- **WHAT IS NEEDED**: In the data that follows, how many lines contain the word "with"? Give only that number.

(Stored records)
>>>>

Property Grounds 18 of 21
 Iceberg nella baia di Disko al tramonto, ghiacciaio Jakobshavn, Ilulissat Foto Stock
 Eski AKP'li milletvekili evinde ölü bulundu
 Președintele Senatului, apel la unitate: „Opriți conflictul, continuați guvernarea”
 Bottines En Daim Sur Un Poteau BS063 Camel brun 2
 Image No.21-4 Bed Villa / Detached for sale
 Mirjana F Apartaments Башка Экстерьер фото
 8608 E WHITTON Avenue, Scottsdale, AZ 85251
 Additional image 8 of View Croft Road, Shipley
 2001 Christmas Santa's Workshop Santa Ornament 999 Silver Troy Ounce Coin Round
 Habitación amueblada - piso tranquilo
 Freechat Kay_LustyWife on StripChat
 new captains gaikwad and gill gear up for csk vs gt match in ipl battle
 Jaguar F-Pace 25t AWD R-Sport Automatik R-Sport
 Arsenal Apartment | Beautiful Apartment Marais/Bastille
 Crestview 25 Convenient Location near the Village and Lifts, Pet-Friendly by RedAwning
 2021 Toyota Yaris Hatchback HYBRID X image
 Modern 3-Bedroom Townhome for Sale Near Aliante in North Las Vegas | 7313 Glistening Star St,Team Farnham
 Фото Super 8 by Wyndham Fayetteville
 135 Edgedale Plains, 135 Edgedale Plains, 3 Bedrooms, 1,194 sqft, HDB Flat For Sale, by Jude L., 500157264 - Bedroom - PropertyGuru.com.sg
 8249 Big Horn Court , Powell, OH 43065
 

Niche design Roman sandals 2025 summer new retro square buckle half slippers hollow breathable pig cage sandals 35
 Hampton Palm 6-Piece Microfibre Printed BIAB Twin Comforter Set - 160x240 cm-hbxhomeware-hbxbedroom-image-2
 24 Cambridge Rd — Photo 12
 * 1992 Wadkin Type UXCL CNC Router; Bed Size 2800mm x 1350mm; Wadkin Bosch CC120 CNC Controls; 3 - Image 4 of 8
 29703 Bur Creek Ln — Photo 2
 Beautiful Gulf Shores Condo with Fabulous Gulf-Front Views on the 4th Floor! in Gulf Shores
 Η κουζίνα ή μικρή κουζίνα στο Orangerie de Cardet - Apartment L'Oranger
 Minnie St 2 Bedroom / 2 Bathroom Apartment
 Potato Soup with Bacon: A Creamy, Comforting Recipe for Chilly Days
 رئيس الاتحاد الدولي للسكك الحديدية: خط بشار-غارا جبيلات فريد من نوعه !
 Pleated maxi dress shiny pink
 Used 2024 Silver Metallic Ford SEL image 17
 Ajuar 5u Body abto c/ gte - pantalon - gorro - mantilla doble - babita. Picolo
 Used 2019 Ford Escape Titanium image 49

<<<<

- **ANSWER BOX**: 2